Ardis: 'It's D-Day'
Peoria government is in for a major shake-up and citizens may well see significant cuts in services, Peoria Mayor Jim Ardis said July 24.
Ardis told the editorial board of the Peoria Times-Observer there is a “perfect storm” of circumstances lined up to allow for radical change.
Something has to give with a $10 million municipal deficit looming next year, he said. Ardis added he believes the current city council will get it done.
Ardis said three things constitute this “perfect storm.”
He said there are no spring elections looming, the economy is very bad, and the city manager is not in a position to worry about losing his job if things get worse (because the current city manger Henry Holling is an interim choice).
“The council has to be strong, and I believe it will be,” Ardis said.
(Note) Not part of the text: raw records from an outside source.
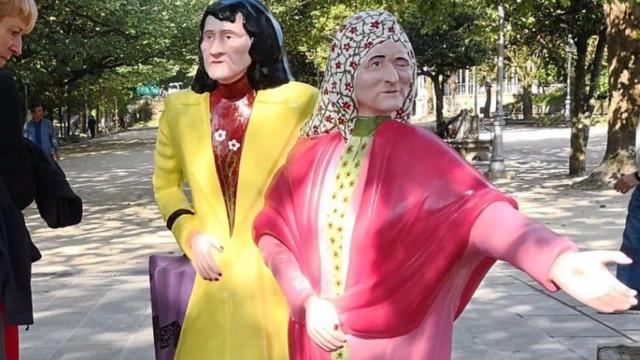 Estatua de las Dos Marías de la Alameda de Santiago.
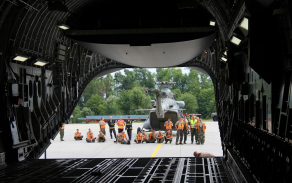 Otevření nákladového prostoru C-17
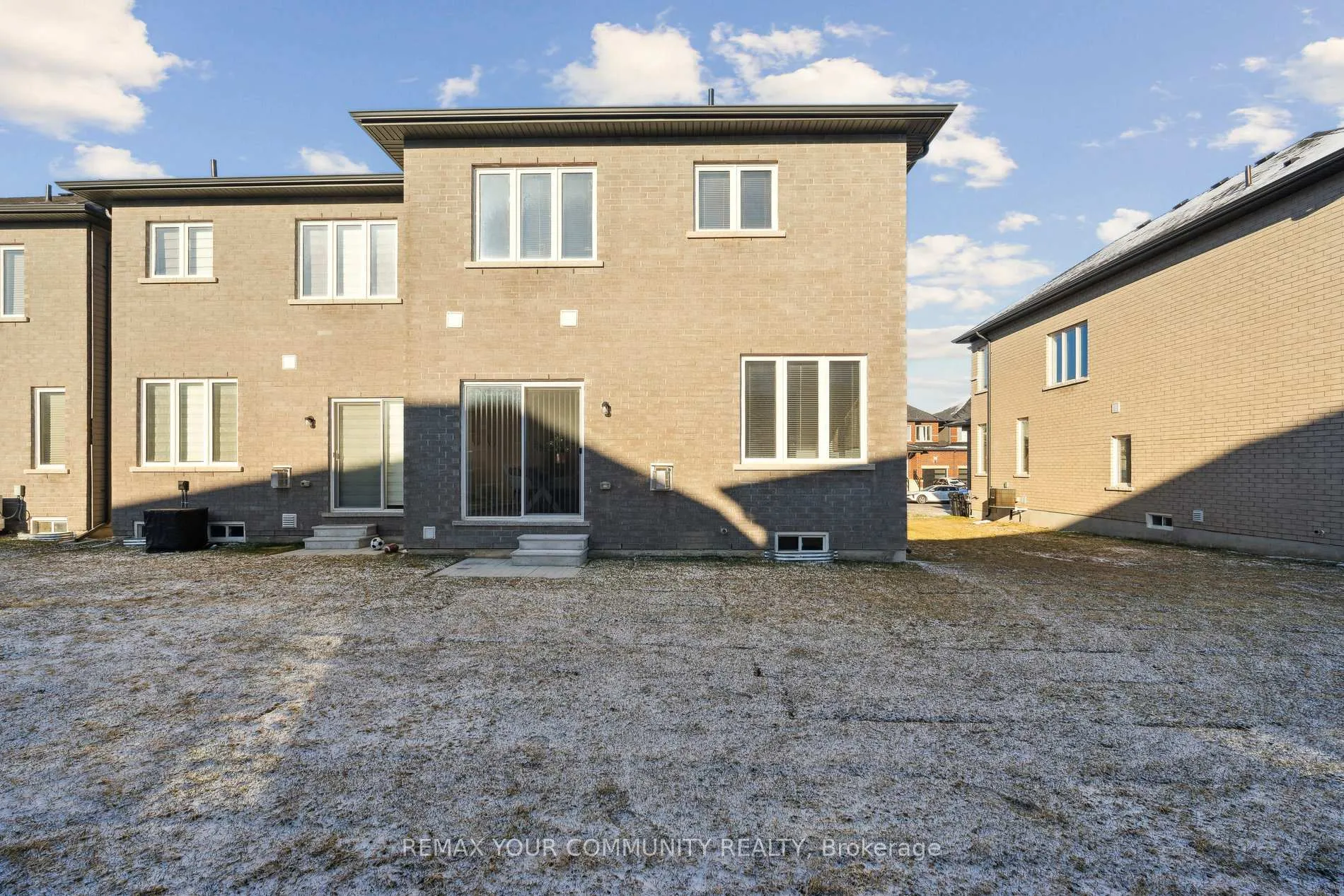 Photo 44 of 9 Lisa Street, Wasaga Beach — HOMEH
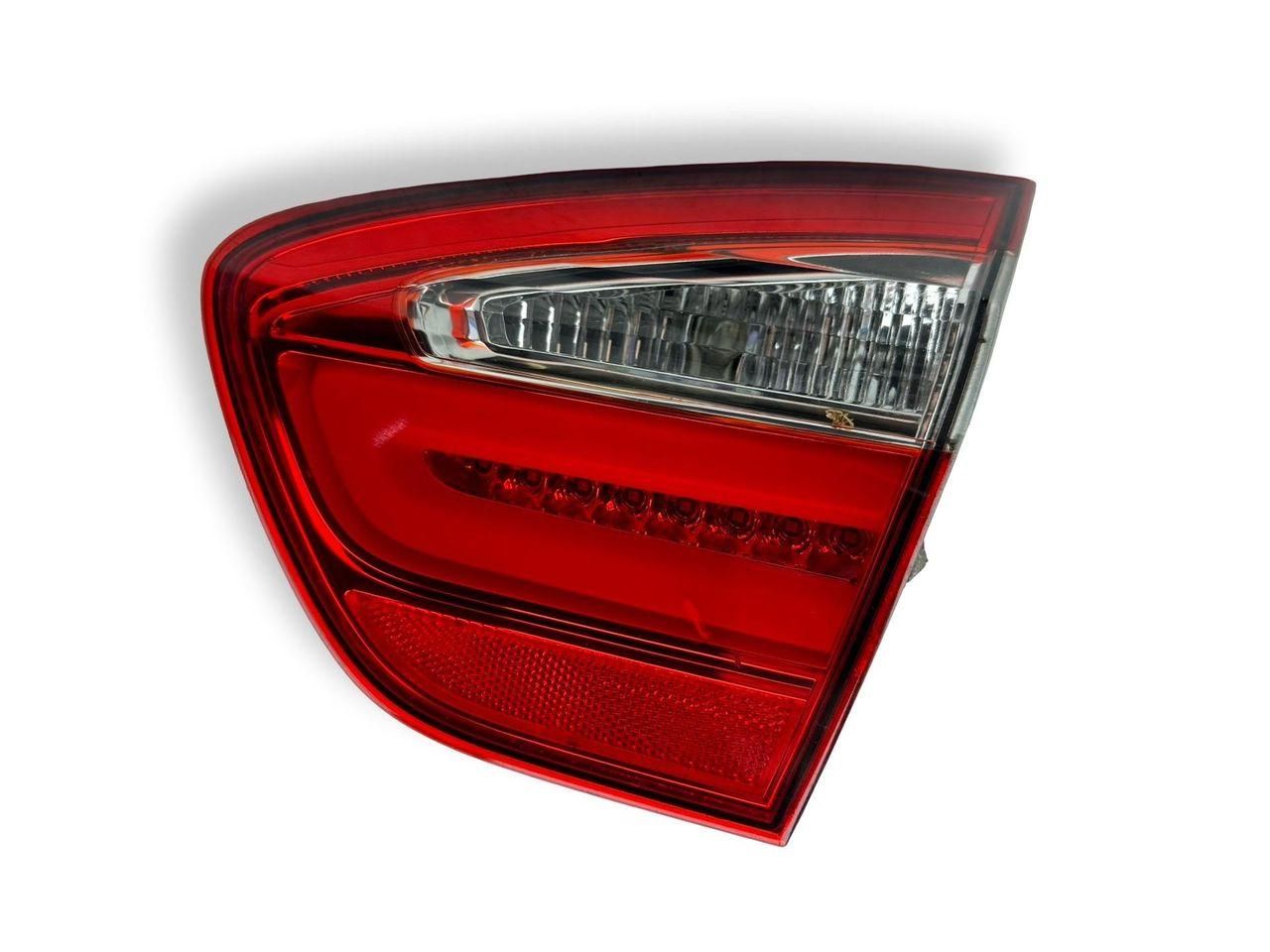 фонарь крышки багажника правый Kia Rio 3 поколение JB 2013, 1.2 л., i, G4LA, бензин, 5МКПП, хетчбэк 5 дв., передний привод, правый руль, 92404-1W200 - фото №1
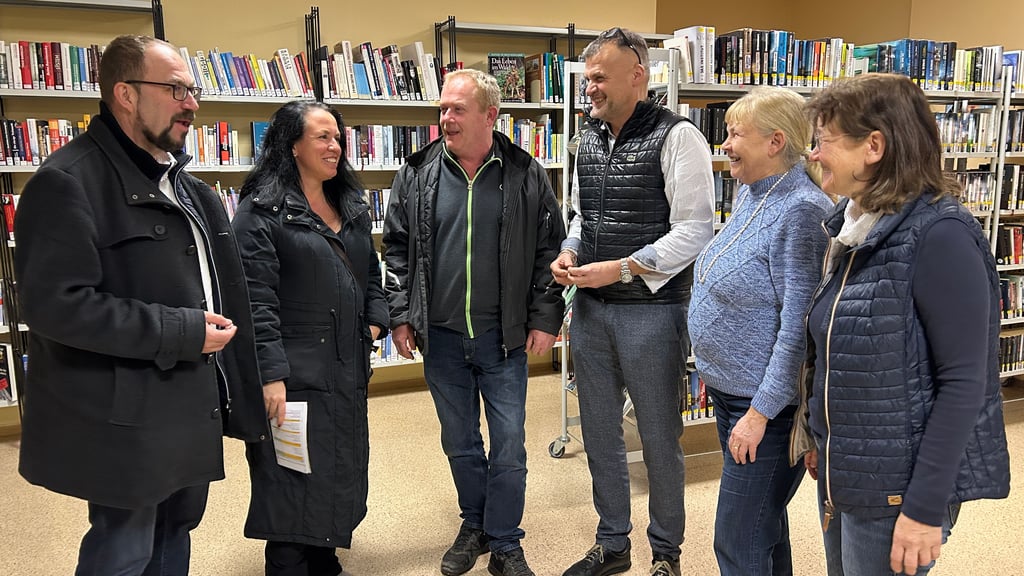 Pläne schmieden, Ideen aushecken - das Organisationsteam des Ehlefestes traf sich in der Bibliothek Biederitz.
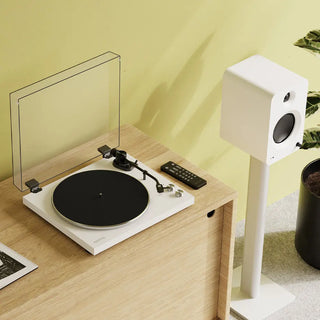 Kanto OBI3 Turntable - Matte White with Kanto ORA 100W Powered Speakers - White Bundle Kanto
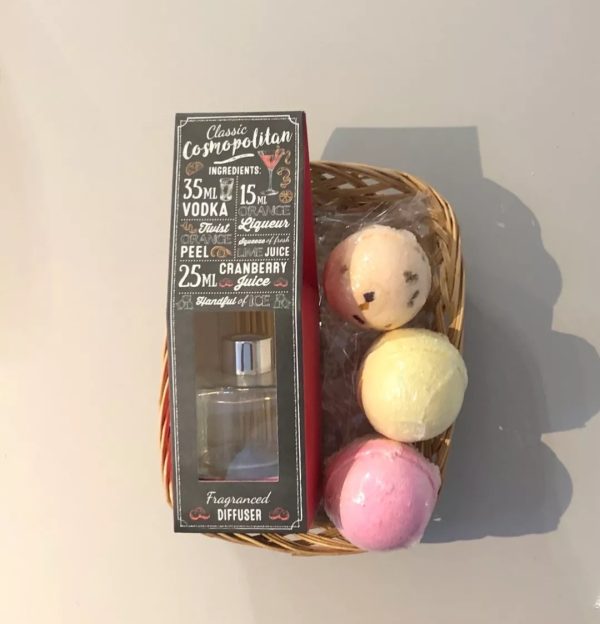 Cosmopolitan diffuser and bath bomb gift set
Ardis said this year is pivotal for re-structuring city government.
“We have been whittling away at the deficit every year.”
But, the city council has been dealing with cost increases of 7 to 11 percent annually, largely from personnel costs.
“We are at a point where we have to right size or add a significant amount of revenue,” Ardis said.
“It’s hard to make changes. People want more and more services, and not pay anymore in taxes,” Ardis said. “It’s hard as an elected official to say, ‘no.’”
But, “no” is exactly what Ardis said the council is going to have to say.
Ardis said the council is at a point fiscally, where it has to cut back. The council is currently considering a wide array of potential cuts and revenue enhancements.
“It’s D-Day,” Ardis said.
Ardis said while many might view the budget situation as a fiscal disaster, he views it as an opportunity.
Ardis pointed to the “radical” changes Caterpillar made, laying off thousands when it became apparent the economy was going south.
“With the changes Cat implemented they will be back very fast when the economy comes back,” Ardis said. “It didn’t take them a week to react when they saw what was coming. We now have a perfect storm of circumstances to make these same kind of decisions.”
What will it look like?
Ardis was asked what city government would look like next year if the council does take advantage of this opportunity to downsize.
“I don’t believe the average citizen will see a huge difference. But, we will be doing less,” Ardis said. “There will be some aspects of quality-of-life issues we will not be able to address. In a budget like this, almost everything is a luxury.”
Ardis said he is enthusiastic about this situation because it provides an opportunity to downsize government that has been talked about for years without much action.
“It’s D-Day ...” Ardis said. “There’s going to be some pain.”